Rekomendasi itu memperingatkan bahwa bisnis harus waspada terhadap risiko keuangan terlarang. Terdapat pula risiko reputasi dan hukum dalam melakukan bisnis dan memanfaatkan rantai pasokan di bawah kendali militer Myanmar.
"Kudeta dan pelanggaran berikutnya yang dilakukan oleh militer secara mendasar telah mengubah arah lingkungan ekonomi dan bisnis di Burma," kata rekomendasi itu.
Militer Myanmar merebut kekuasaan dalam kudeta pada 1 Februari tahun lalu, setelah mengeluhkan klaim kecurangan dalam pemilihan umum November 2020 yang dimenangkan oleh partai dari Aung San Suu Kyi. Kelompok pemantau pemilu tidak menemukan bukti kecurangan massal tersebut.
Junta telah berperang di berbagai bidang sejak merebut kekuasaan. Militer pun menindak dengan kekuatan mematikan pada protes sambil mengintensifkan operasi terhadap tentara etnis minoritas dan milisi yang baru dibentuk yang bersekutu dengan pemerintah yang digulingkan.
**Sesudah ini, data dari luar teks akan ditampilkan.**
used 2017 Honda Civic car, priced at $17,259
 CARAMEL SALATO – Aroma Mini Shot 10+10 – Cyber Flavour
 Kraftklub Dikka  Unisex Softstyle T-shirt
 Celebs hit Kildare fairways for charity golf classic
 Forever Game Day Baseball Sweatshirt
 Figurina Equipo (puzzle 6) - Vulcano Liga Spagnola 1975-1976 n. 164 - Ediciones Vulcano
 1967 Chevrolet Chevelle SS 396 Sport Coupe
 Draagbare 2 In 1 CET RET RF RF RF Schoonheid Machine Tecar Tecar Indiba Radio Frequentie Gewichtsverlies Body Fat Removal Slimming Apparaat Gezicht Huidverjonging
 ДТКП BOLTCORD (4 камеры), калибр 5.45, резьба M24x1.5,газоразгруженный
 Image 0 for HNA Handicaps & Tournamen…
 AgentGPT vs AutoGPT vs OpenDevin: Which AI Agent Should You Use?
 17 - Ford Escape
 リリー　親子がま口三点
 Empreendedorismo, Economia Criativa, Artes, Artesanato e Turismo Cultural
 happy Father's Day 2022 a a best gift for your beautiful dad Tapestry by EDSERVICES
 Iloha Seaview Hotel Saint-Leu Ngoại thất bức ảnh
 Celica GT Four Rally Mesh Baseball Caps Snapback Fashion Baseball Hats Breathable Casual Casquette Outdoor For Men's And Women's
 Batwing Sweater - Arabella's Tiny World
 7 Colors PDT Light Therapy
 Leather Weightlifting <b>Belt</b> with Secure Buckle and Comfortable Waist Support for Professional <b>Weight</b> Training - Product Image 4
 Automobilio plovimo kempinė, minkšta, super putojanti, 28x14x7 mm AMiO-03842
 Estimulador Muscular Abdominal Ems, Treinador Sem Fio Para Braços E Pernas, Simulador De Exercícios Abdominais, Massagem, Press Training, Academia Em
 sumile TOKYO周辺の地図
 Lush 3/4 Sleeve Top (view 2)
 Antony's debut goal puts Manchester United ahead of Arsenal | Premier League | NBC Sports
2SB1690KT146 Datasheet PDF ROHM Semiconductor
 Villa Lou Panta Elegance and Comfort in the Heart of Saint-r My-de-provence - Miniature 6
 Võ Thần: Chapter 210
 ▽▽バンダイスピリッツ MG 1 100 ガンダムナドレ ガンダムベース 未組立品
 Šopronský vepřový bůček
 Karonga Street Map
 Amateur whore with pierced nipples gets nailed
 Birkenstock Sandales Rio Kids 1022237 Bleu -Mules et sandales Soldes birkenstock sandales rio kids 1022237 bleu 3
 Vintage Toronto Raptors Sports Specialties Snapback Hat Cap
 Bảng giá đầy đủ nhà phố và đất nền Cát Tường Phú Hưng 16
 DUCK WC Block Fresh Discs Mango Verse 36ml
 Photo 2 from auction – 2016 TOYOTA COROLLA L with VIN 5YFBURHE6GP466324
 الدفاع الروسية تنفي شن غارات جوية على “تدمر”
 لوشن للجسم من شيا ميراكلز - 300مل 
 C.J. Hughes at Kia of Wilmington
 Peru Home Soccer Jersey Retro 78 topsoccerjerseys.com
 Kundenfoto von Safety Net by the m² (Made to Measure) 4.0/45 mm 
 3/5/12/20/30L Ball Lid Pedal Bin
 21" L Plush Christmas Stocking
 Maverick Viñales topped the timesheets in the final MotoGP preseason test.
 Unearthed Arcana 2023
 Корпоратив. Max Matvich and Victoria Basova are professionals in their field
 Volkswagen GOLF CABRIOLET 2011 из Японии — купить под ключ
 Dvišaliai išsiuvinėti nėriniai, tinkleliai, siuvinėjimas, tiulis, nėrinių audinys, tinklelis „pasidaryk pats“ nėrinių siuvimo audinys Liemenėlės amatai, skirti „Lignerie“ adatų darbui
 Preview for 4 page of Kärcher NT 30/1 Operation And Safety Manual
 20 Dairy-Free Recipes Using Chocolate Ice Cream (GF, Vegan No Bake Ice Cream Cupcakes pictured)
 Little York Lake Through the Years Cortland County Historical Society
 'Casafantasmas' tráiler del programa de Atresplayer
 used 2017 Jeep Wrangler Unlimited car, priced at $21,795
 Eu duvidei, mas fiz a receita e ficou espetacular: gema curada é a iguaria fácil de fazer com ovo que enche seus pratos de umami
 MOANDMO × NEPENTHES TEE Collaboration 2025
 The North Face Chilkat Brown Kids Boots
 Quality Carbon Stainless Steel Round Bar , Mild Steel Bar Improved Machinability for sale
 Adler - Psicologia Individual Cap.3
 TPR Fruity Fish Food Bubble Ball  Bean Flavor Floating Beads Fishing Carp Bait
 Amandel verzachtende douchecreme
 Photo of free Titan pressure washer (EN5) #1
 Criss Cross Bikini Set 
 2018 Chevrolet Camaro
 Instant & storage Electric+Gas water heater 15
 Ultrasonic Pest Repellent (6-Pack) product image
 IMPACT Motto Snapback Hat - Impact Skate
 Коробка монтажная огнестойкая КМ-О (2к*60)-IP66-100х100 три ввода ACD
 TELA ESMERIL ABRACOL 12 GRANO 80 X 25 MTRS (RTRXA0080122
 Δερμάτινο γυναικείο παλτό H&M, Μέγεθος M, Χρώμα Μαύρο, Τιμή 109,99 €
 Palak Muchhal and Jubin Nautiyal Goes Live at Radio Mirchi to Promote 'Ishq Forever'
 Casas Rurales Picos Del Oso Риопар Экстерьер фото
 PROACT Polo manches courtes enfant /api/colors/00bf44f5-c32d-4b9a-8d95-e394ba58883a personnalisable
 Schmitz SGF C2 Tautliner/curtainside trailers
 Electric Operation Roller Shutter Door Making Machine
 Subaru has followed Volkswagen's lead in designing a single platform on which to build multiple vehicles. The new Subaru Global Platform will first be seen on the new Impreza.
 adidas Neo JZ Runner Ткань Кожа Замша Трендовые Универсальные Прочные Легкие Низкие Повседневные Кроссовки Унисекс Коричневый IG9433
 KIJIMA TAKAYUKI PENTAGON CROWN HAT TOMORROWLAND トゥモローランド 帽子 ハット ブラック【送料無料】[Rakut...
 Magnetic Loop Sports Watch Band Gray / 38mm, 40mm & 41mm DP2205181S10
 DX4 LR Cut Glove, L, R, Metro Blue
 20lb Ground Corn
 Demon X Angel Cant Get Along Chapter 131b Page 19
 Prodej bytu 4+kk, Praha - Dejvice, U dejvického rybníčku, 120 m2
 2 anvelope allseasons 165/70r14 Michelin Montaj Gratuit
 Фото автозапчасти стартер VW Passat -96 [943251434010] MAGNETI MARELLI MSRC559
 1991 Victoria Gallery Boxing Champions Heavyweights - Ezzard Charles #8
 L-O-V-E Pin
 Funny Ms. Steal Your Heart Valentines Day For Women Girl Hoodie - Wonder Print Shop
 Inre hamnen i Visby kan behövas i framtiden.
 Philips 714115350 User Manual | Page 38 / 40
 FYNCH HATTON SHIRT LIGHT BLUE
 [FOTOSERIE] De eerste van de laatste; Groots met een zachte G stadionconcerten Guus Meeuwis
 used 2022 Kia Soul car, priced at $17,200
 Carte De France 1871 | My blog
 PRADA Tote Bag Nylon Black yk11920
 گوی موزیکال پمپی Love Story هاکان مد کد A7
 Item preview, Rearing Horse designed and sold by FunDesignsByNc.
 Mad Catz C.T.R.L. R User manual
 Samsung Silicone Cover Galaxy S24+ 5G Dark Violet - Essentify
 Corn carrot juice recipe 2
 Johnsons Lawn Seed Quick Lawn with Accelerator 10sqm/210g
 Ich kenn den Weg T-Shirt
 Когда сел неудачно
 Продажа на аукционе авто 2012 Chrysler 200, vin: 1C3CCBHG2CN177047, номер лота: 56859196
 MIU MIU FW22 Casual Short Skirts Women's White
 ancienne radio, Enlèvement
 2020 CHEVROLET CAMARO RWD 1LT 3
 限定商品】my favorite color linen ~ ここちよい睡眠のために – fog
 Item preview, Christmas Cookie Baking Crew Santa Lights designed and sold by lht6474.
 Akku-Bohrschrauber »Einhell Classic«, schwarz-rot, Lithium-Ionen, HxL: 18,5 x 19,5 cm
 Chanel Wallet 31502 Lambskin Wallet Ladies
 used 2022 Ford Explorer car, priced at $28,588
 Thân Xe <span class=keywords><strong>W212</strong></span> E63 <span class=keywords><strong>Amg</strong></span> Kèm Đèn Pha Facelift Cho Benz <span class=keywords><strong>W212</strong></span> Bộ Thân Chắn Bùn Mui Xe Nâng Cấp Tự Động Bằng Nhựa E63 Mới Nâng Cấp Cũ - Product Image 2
"Kembalinya pemerintahan militer di Burma membawa serta korupsi publik tingkat tinggi dan rezim anti pencucian uang yang kurang," kata Wakil Menteri Keuangan untuk Terorisme dan Intelijen Keuangan Brian Nelson mengatakan dalam sebuah pernyataan.
Rekomendasi tersebut mengutip perusahaan milik negara, permata dan logam mulia, proyek real estat dan konstruksi juga senjata, peralatan militer, serta kegiatan terkait sebagai entitas dan sektor yang menjadi perhatian terbesar di negara itu. Perusahan-perusahan itu pun telah diidentifikasi sebagai penyedia sumber daya ekonomi untuk junta.
Perusahaan milik negara, termasuk Myanma Oil and Gas Enterprise dan Myanma Timber Enterprise, memainkan peran besar dalam perekonomian negara. Perusahaan itu menghasilkan sekitar setengah dari pendapatan junta.
Anjuran itu datang setelah perusahaan minyak Total Energies dan Chevron Corp , mitra dalam proyek gas besar di Myanmar, mengatakan pekan lalu bahwa mereka menarik diri dari negara itu. Penarikan ini dengan alasan situasi kemanusiaan yang memburuk setelah kudeta.